Pensions for the self-employed
- Service
- Nationwide
- Public service
If you are self-employed, you have to take care of your obligatory pension insurance yourself. Your pension contributions and your future pension depends on your estimate of how much you will earn from your self-employment. That amount is called your confirmed income from self-employment.
Your pension insurance for self-employed workers secures your income
- when you get old,
- when you fall ill, ...
Do the following
If you do self-employed work on the side or if it is seasonal but meets the requirements of self-employment set out in the law, you have to take out insurance. In other words, the same rule applies if you are a small-scale self-employed person.
You have to take out insurance for your self-employment if:
- you are between 18 and 69 years old,
- you work in your own company,
- you have worked as a self-employed for at least four months without interruptions after you have turned 18, and
- your confirmed income from work is at least 9,423 euros per year (in 2026).
Your confirmed income is your estimate of how much you will earn from your self-employment.

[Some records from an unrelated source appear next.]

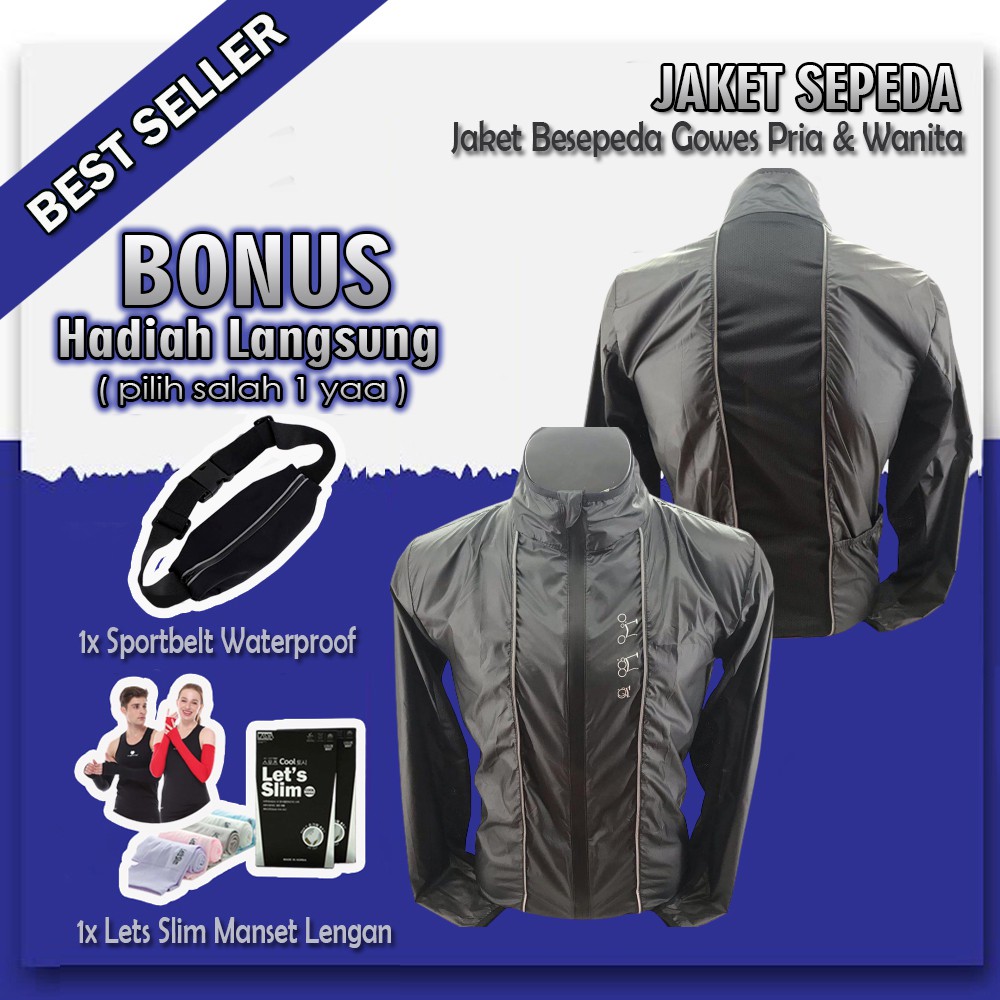 Jaket Sepeda Lipat Gowes Pria Wanita Jacket Windbreaker Olahraga Gowes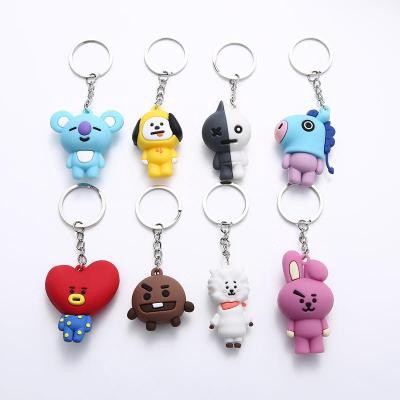 Keychain Gantungan Kunci Karakter BT21 Key Holder Chain Bag Pendant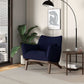 Brayden MCM Fabric Accent Lounge Chair – Modern Upholstered Chair (Multiple Fabrics & Colors) in a modern living space.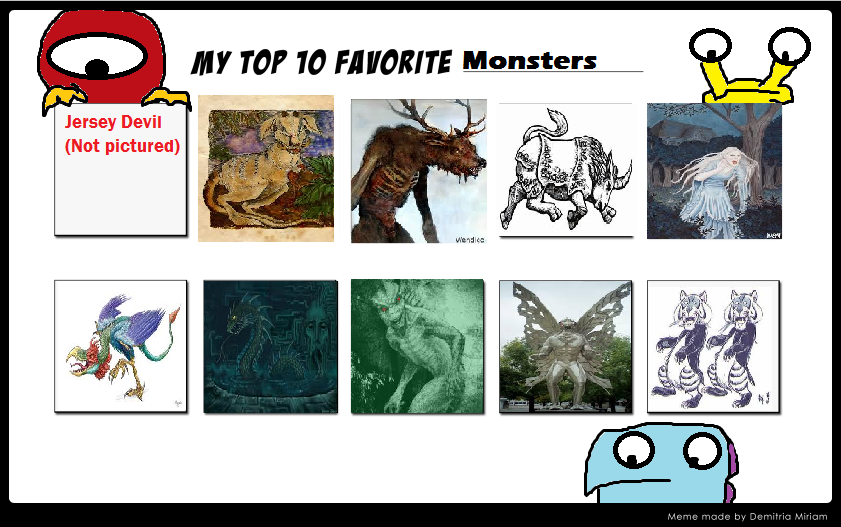 Kessie's Top 10 Favorite Monsters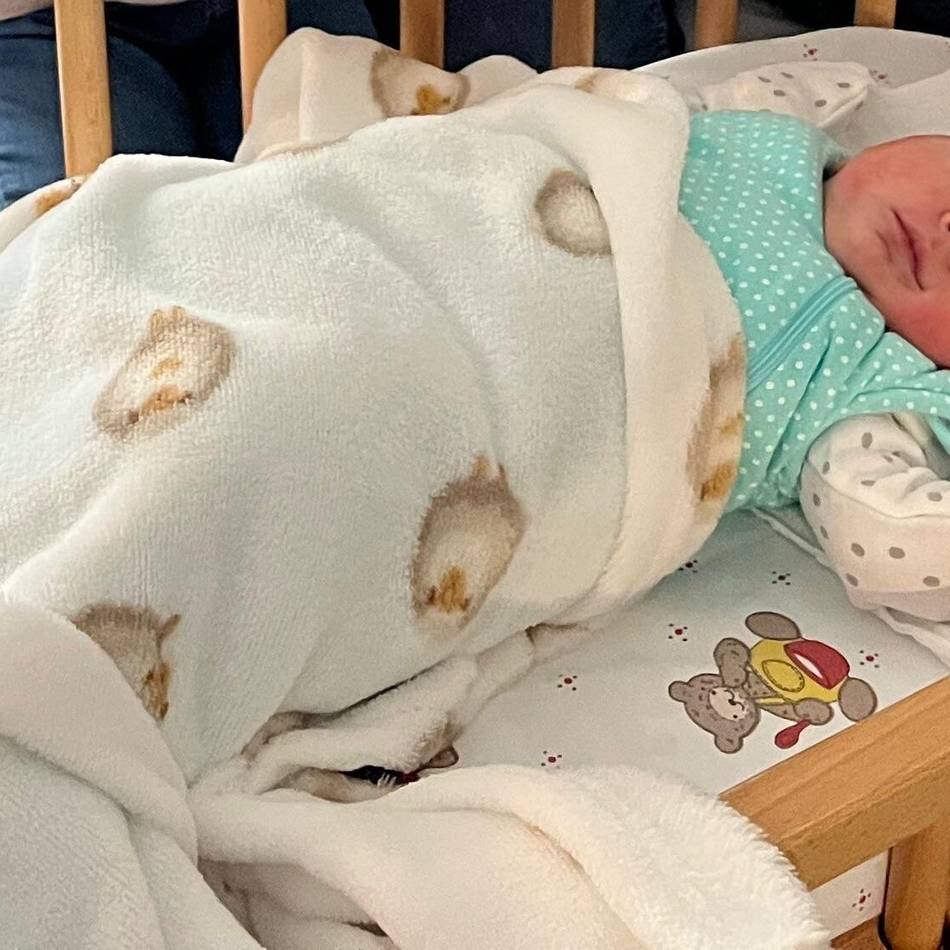 Geburt im St. Josefs-Krankenhaus: Der kleine Alois ist Hildens Neujahrsbaby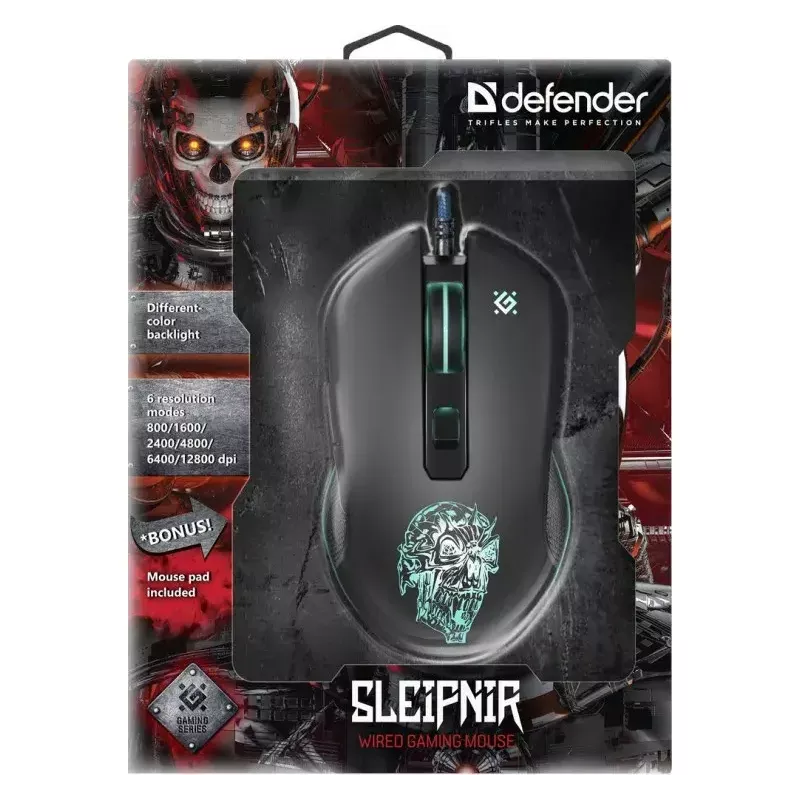 Hiiri Defender GM-927 Sleipnir Optic 12800dpi 6P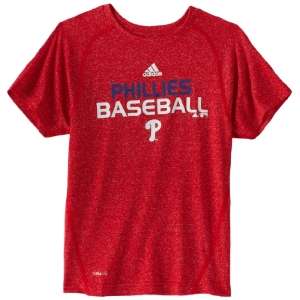   Phillies S/S Heathered Speedwick 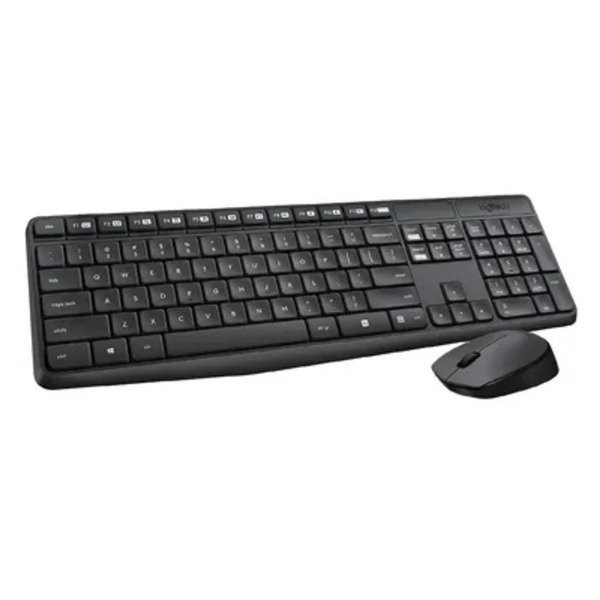 Producto - Logitech Kit y Teclado MK235 - Espanhol - Negro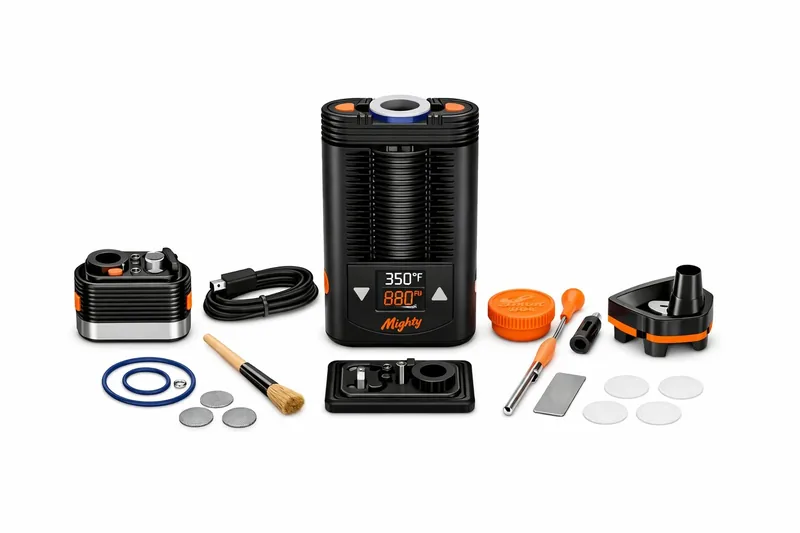 Storz and Bickel Mighty+ portable dry herb vaporizer
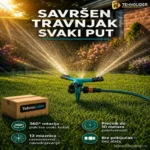 Prskalica za Travnjak sa 360° Rotacijom i 12 Mlaznica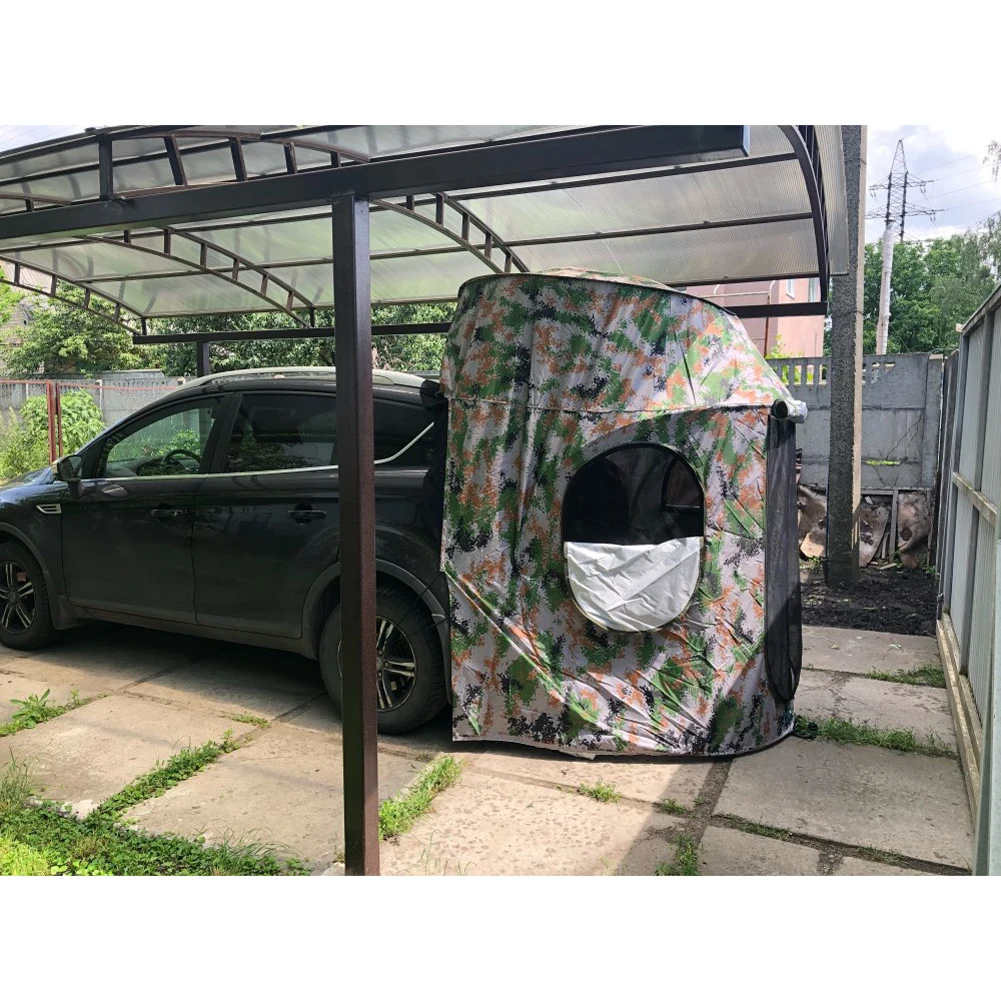 หลังคารถด้านหลังกลางแจ้งอุปกรณ - Outdoor Camping Car Tail Tent บทวิจารณ์และราคา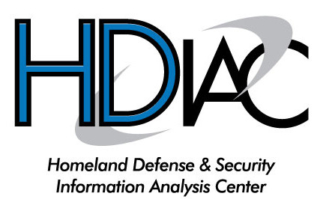 Homeland Defense and Security Information Analysis Center (HDIAC) Logo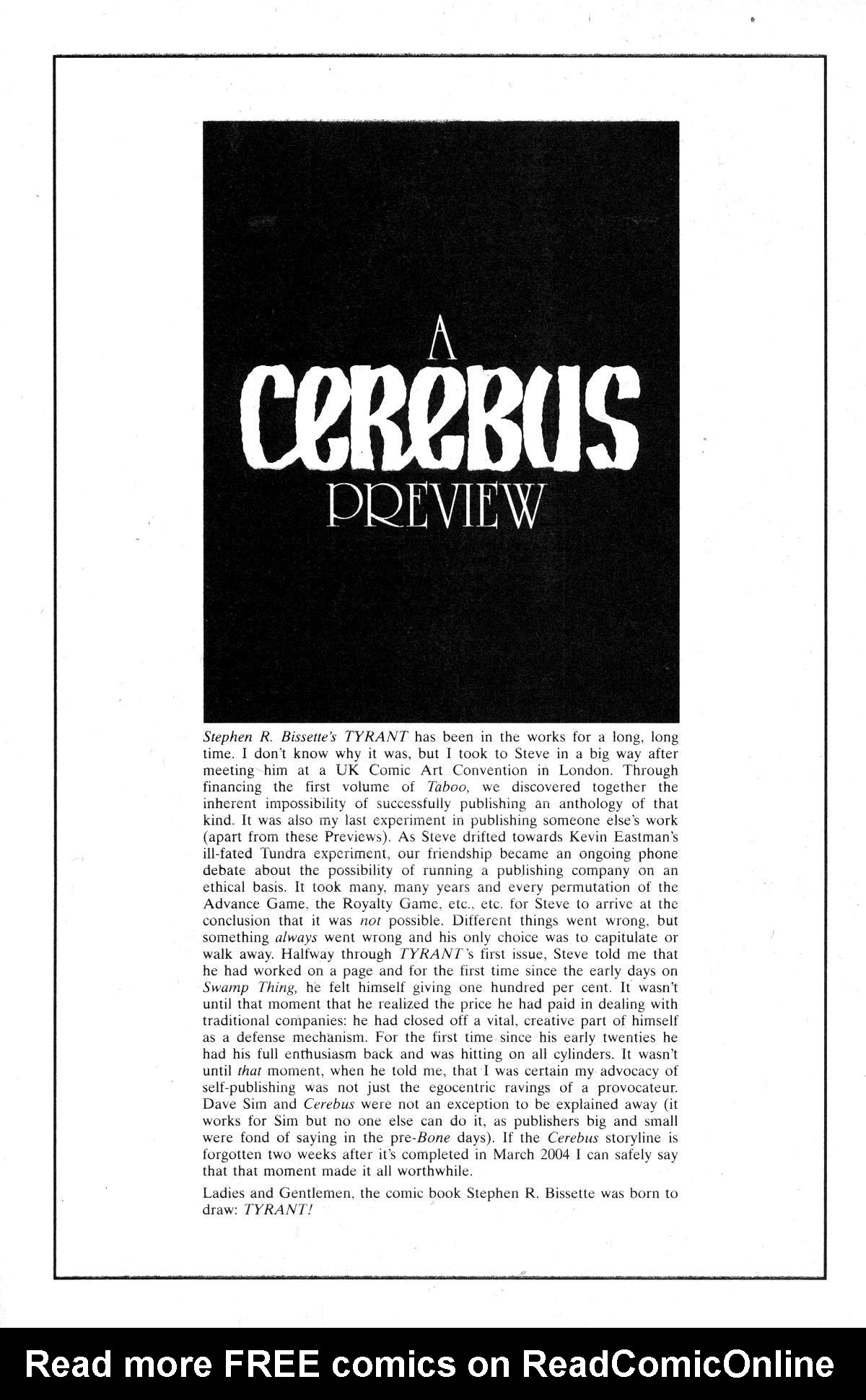Cerebus Issue #184 #183 - English 31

As a self-employed worker, you have to take out pension insurance under the Self-employed Persons’ Pensions Act within six months from the date on which you start your self-employment. You can choose which pension insurance company or pension insurance fund (if there is one in your line of business) that you want to insure yourself in. You cannot replace the statutory pension insurance for self-employed workers with voluntary pension insurance.
If you are self-employed and have employees, you have to insure them, as well.
If you earn your living from agriculture or get a grant in the arts or sciences, you have to take out your pension insurance with the Farmers’ Social Insurance Institution Mela.